Die spielerische Leichtigkeit des Mahler-Menuetts machte auch die Bahn frei für Beethovens Klavierkonzert Nr. 4. Die Pianistin Hélène Grimaud deutete dieses Werk richtigerweise als Kontrast zum dramatischen Dritten und zum auftrumpfenden Fünften Konzert des Wiener Klassikers. Die Weichen stellte sie gleich zu Beginn mit dem unbegleiteten Hauptthema: Lyrisch, geradezu zärtlich spielte sie es, und Järvi nahm diesen Tonfall für die orchestrale Wiederholung sogleich auf. Überhaupt herrschte eine große Übereinstimmung des Wollens zwischen der Solistin und dem Dirigenten. Das eine ergab sich aus dem andern: Wenn beispielsweise die Durchführung des Orchesters im Forte auf die Reprise zielte, brachte Grimaud das anschließende Hauptthema in all seiner Pracht zur Geltung.
Bei der groß angelegten Solokadenz bewies die Pianistin, dass sie pianistisch auch mal die Krallen zeigen kann. Eindrucksvoll stellte sich im langsamen Satz die Zweigleisigkeit zwischen dem verträumten Spiel auf dem Klavier und den unerbittlichen Unisono-Klängen des Orchesters dar. Und im Rondo punktete Grimaud mit einer spritzigen Interpretation und einer ganz und gar unaufdringlichen Virtuosität. Nach wie vor ist sie eine der bemerkenswertesten Persönlichkeiten am Pianisten-Himmel.

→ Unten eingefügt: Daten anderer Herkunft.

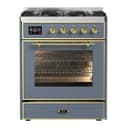 Majestic II Series 30 inch Freestanding Dual Fuel Range with Natural Gas, 5 Sealed Brass Burners, 4 cu. ft. Total Oven Capacity, Convection Oven, Continuous Grates, Viewing Window, Storage Drawer, with Brass Trim view 1
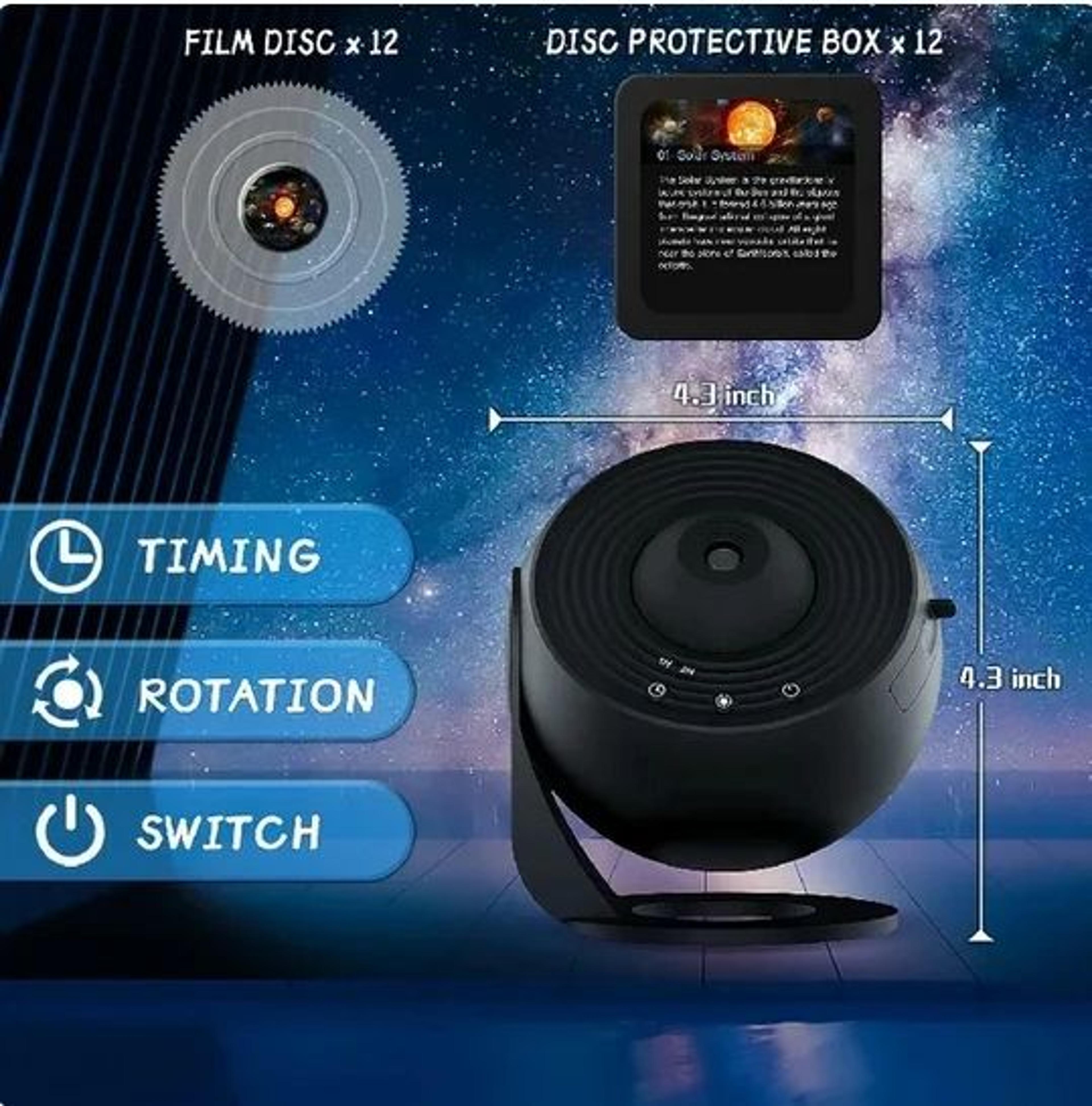 360 Rotating Galaxy Projector Night Light Planetarium Lamp For Kids Rooms 8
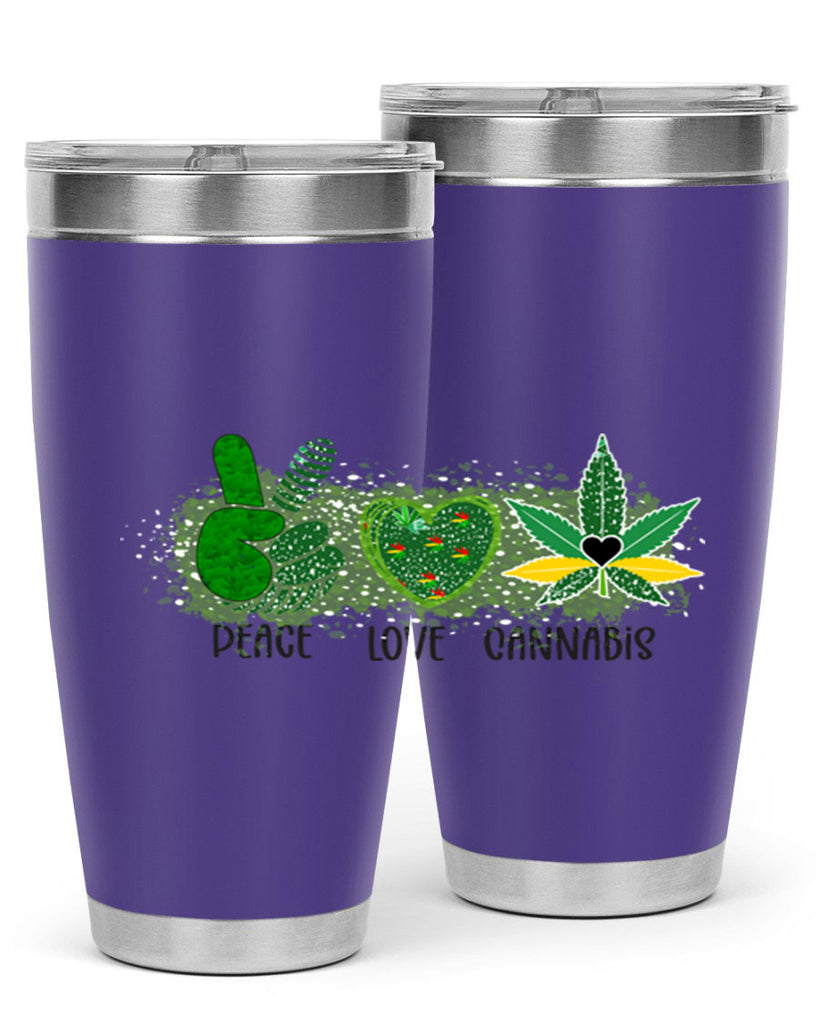 Peace Love Cannabis 215#- marijuana- Tumbler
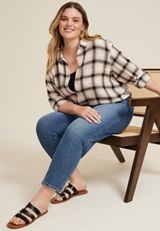 Plus Size Pucker Plaid Button Up Shirt, C1756, small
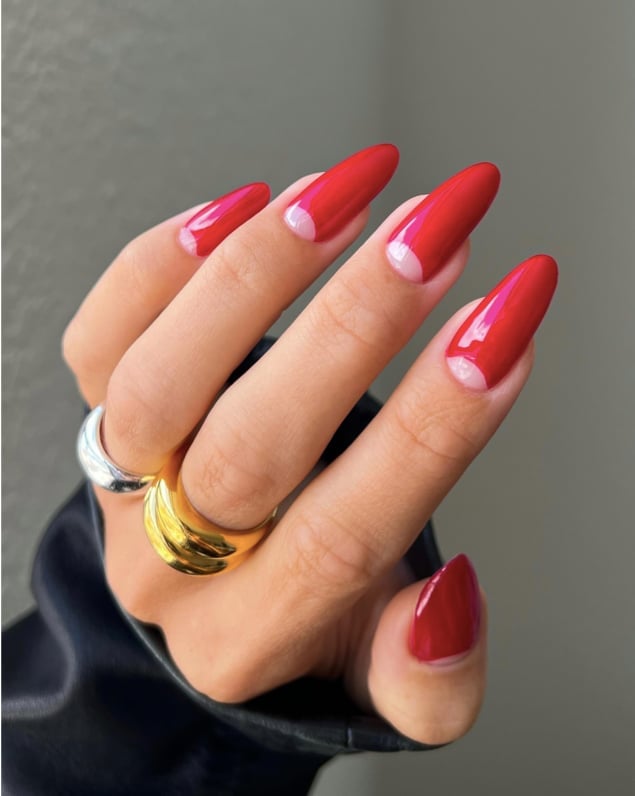 Bright Red Glossy Almond with Half-Moon Detail, Close-Up Take — Trendy Red Almond Nails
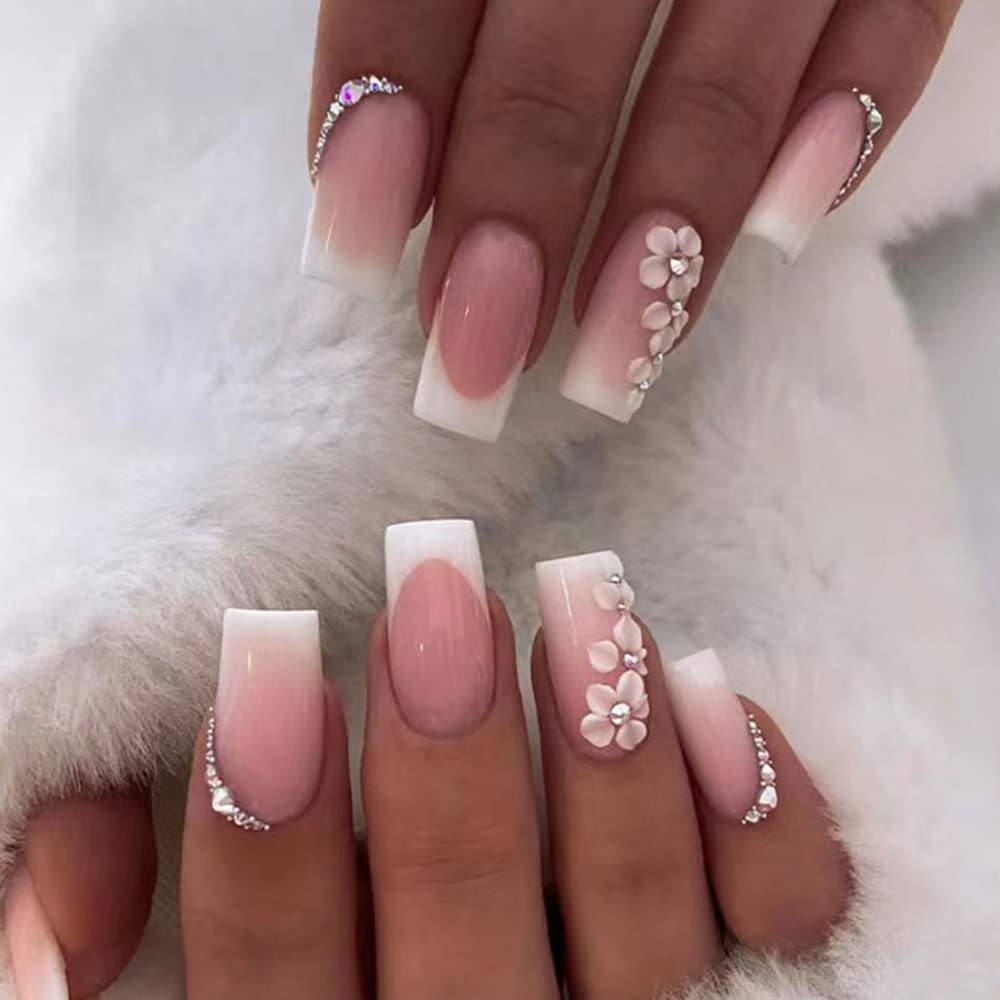 Fake Nails Pink Nail Diamonds Glue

Schostakowitschs Symphonie Nr. 5 in d-Moll kann man nur vor dem biographischen Hintergrund des Komponisten und dessen politischen Implikationen richtig verstehen. Nach der von Stalin veranlassten Kritik an seiner Oper Lady Macbeth von Mzensk war die Symphonie der Versuch, sich dem geforderten „sozialistischen Realismus“ zu beugen – mindestens zum Schein. Daraus resultiert eine bemerkenswerte Doppelbödigkeit des Werks, die man seither, je nach politischem Standort, als Verherrlichung des stalinistischen Systems oder als Kritik an demselben gedeutet hat.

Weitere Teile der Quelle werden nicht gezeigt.